Augusta Census effort lacking workers

Susan McCord
smccord@augustachronicle.com
In this Aug. 13 photo a worker gets ready to pass out instructions on how fill out the 2020 census during a town hall meeting in Lithonia, Ga. [AP Photo/John Amis]

The 2020 Census needs 599 more applicants for jobs to ensure an accurate population count in Richmond County, members of Augusta’s Complete Count committee learned at a first meeting Wednesday.

With a goal of 1,869 applicants, the Census has received only 1,270 applications and hired 21 of around 500 needed for jobs as listers and field supervisors, according to a committee handout. The positions pay from $18.50 to $20.50 an hour.

“We are not progressing at a rate that will ensure success,” the handout said.

Nationwide the census effort has faced a shortfall of workers. Getting an accurate count determines how much federal funding flows to the area, including to public schools, and could trigger a redrawing of the state’s political lines.

The committee named Augusta University Athletic Director Clint Bryant and South State Bank Executive Vice President Robert Osborne as co-chairs, replacing Mayor Hardie Davis’ Chief of Staff Marcus Campbell, who has overseen the local effort so far. Davis’ office created the committee after Gov. Brian Kemp named him to the state’s complete count committee.

Others serving on the committee of around 30, several of whom were selected by Augusta commissioners, included WFXG Meteorologist Jay Jefferies, Augusta University Community Affairs Director Cedric Johnson, attorney Matthew Duncan and retired Augusta firefighter Charlie Coleman.

Also in attendance were representatives of Fair Count, the nonprofit founded by former gubernatorial candidate Stacey Abrams last year to ensure hard-to-count populations are tallied. The group’s focus is on minorities, non-English speakers, renters and others less likely to respond to the census.

The committee met with Census Bureau staffers and learned about the areas of the city with a low response rate in the 2010 census.

Less than half of those surveyed responded across much of the city, including downtown and East Augusta south to Mike Padgett Highway as well as areas off Tobacco Road and near the gates of Fort Gordon.

Coleman said the need for workers was one of the bigger takeaways from the meeting, which he said was “kind of late getting started” on the census effort. Similar efforts around the nation got underway in mid-2019.

The Census jobs require a background check and the ability to work 20 hours per week, often during hours outside an employee’s regular full-time job, such as nights and weekends, he said.
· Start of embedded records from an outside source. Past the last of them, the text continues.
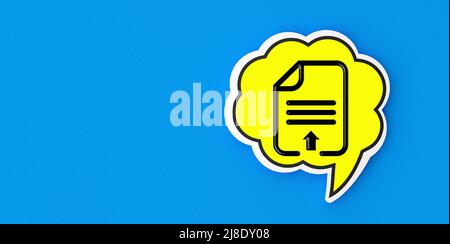 submit icon speech bubble and blue background Stock Photo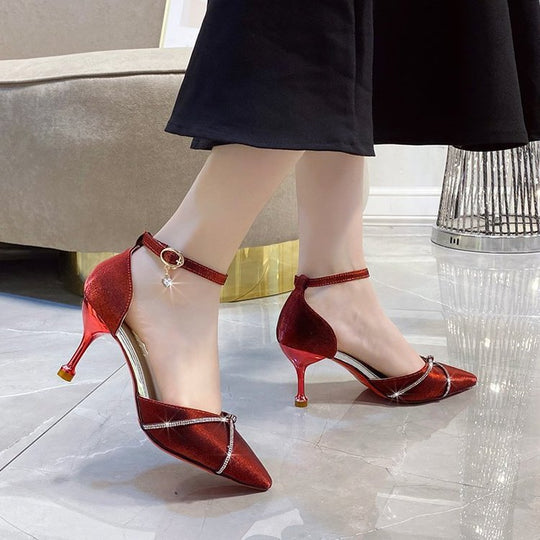 Damen elegante Ballerinas mit zierlichem Knöchelriemen und funkelndem Akzent R&B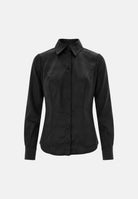 ELISABETTA FRANCHI Camicia manica lunga nera per donna con colletto classico e abbottonatura frontale tono su tono. CA19067E2 110 ELISABETTA FRANCHI 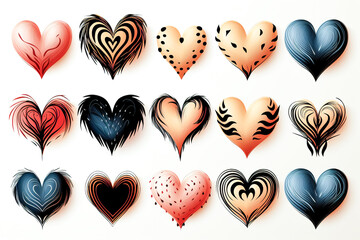 A set of fluffy hearts with animalistic prints on white background.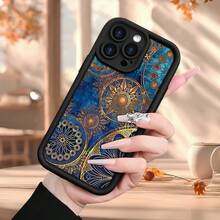 [Teléfono] Teléfono móvil elegante con un hermoso patrón de escalera de ojos, diseñado tanto para hombres como para mujeres. Ofrece un agarre cómodo y es compatible con varios modelos, incluidos 16, 15, 14, 13, 12, 11 y SE, lo que lo convierte en un amigo, pareja y familia. - Negro - Ver 3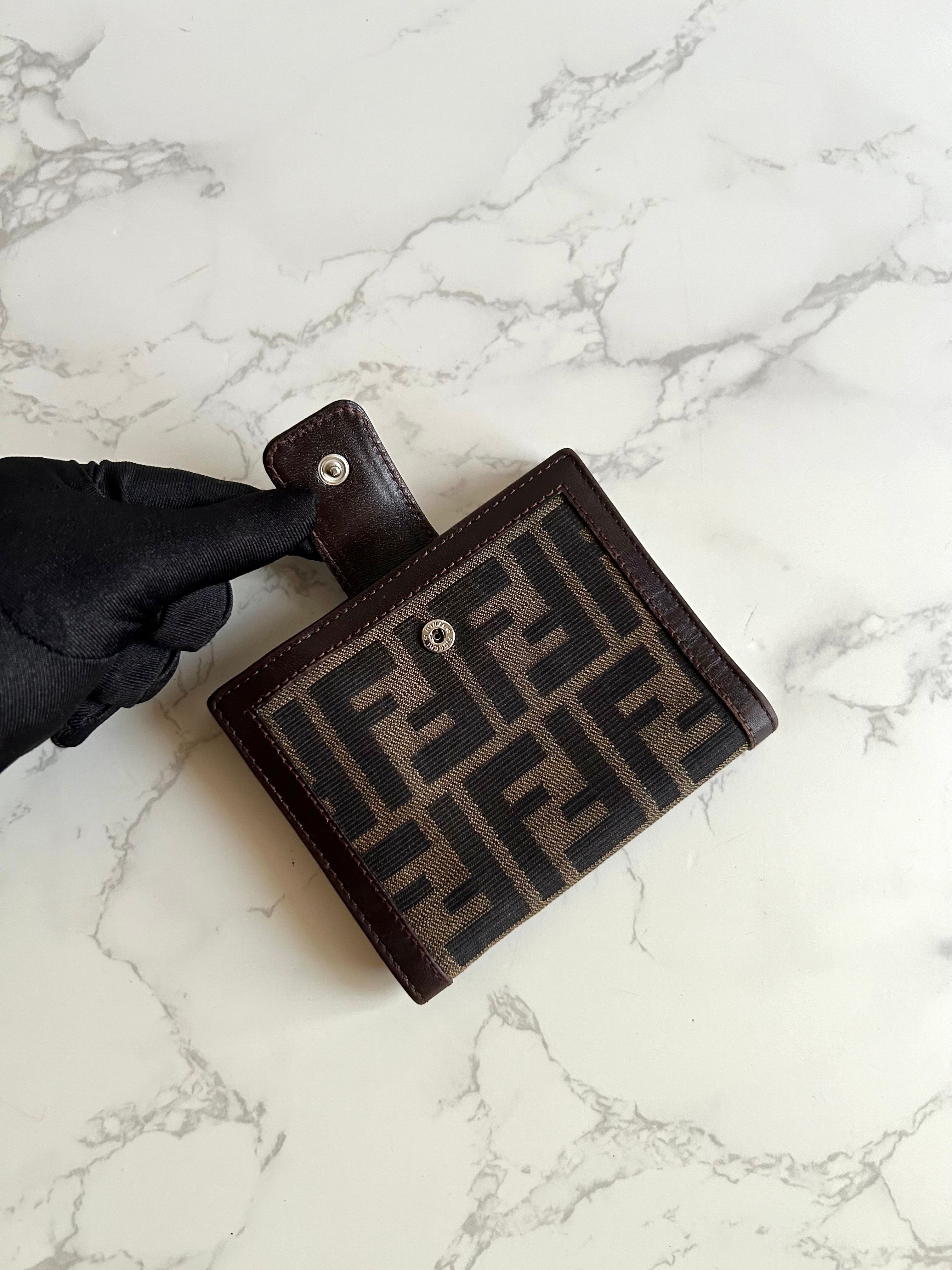 FENDI Zucchino Brown Monogram Short Wallet/Short Clip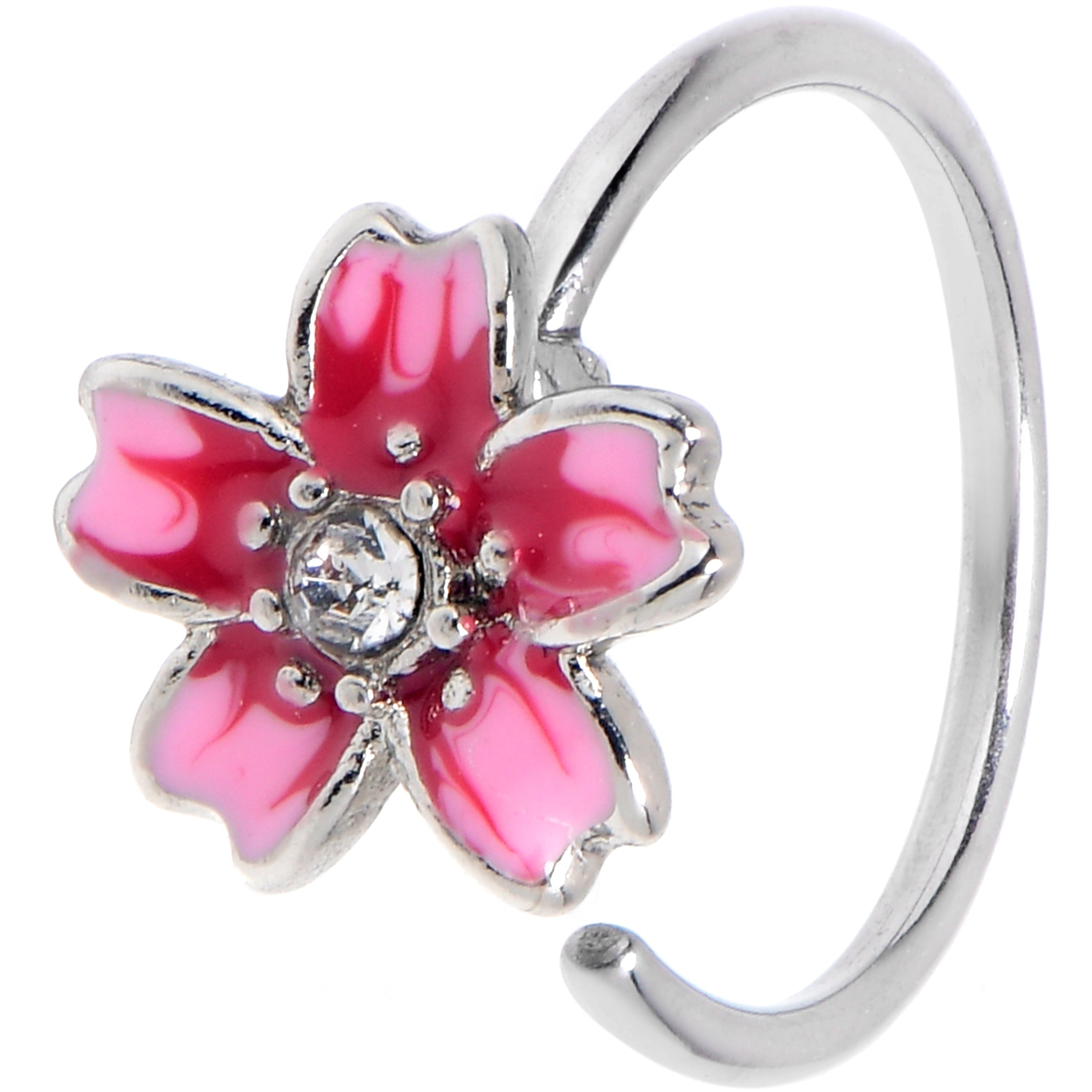 20 Gauge 5/16 Clear Gem Perfect Pink Flower Nose Hoop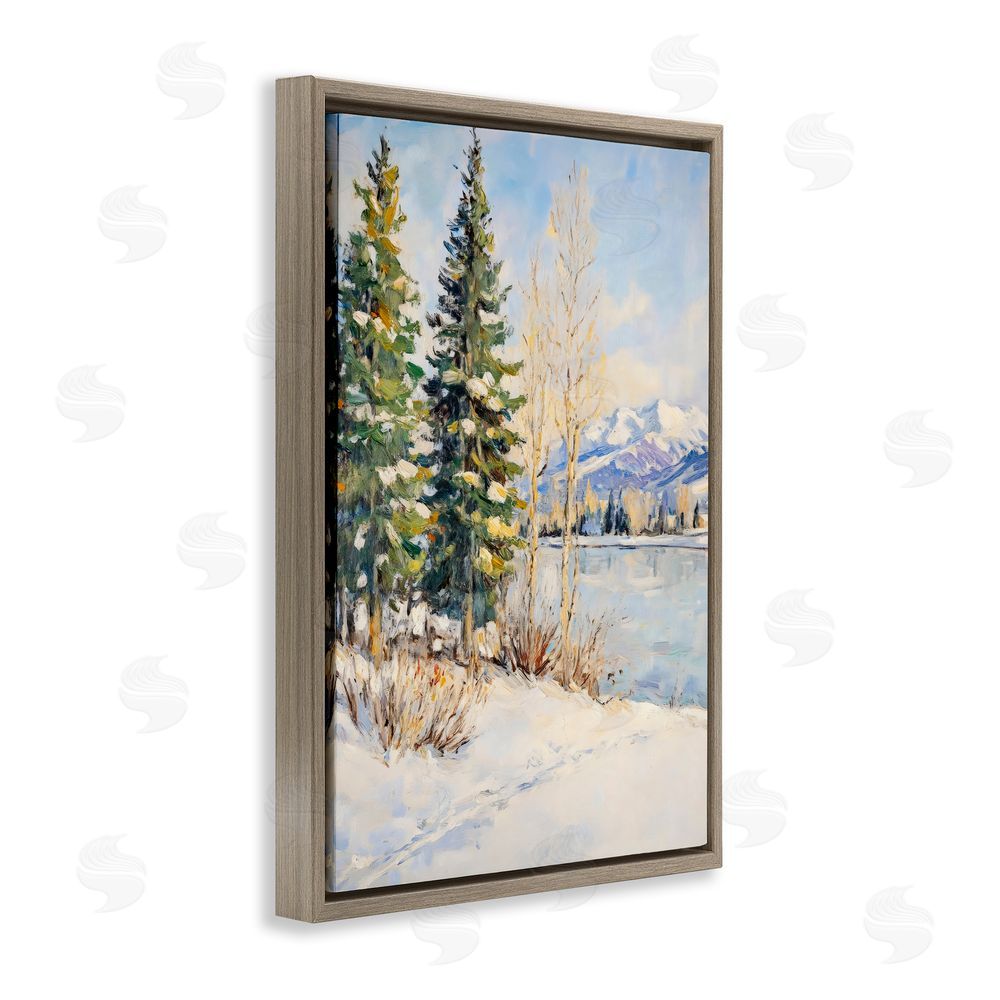 Petal Prints Design Snowy Winter Lakeside Brown Floating Frame Canvas Wall Art Print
Applicants must be 18 years old.

The local census effort “seems very well organized,” said Duncan, who joined the committee after learning about it last week in a social media post from Mayor Pro Tem Sean Frantom.

The group was encouraged to “shout from the rooftops” about the upcoming census, he said.

While the census officially launches next week in Alaska, its key period is April 1-30, which in Augusta is complicated by the annual Masters Tournament, he said.

With the 2020 Census including for a first time specific questions about whether couples are same-sex or opposite sex, Duncan said he “wants to be sure the LGBT community is represented” and its couples are not reluctant to “identify themselves as a household.”

The committee is expected to meet each Wednesday at 10:30 a.m. and will make an announcement Jan. 28 followed by a public call to participate, including TV-news spots, next month, he said.

While several who attended the meeting referred questions to Campbell, he said he wanted to “defer this conversation at this time.”

The 2020 Census needs 599 more people to apply for jobs as listers and field supervisors to ensure a complete count in Richmond County. The jobs pay between $18.50 and $20.50 per hour.

To apply, visit 2020Census.gov/jobs.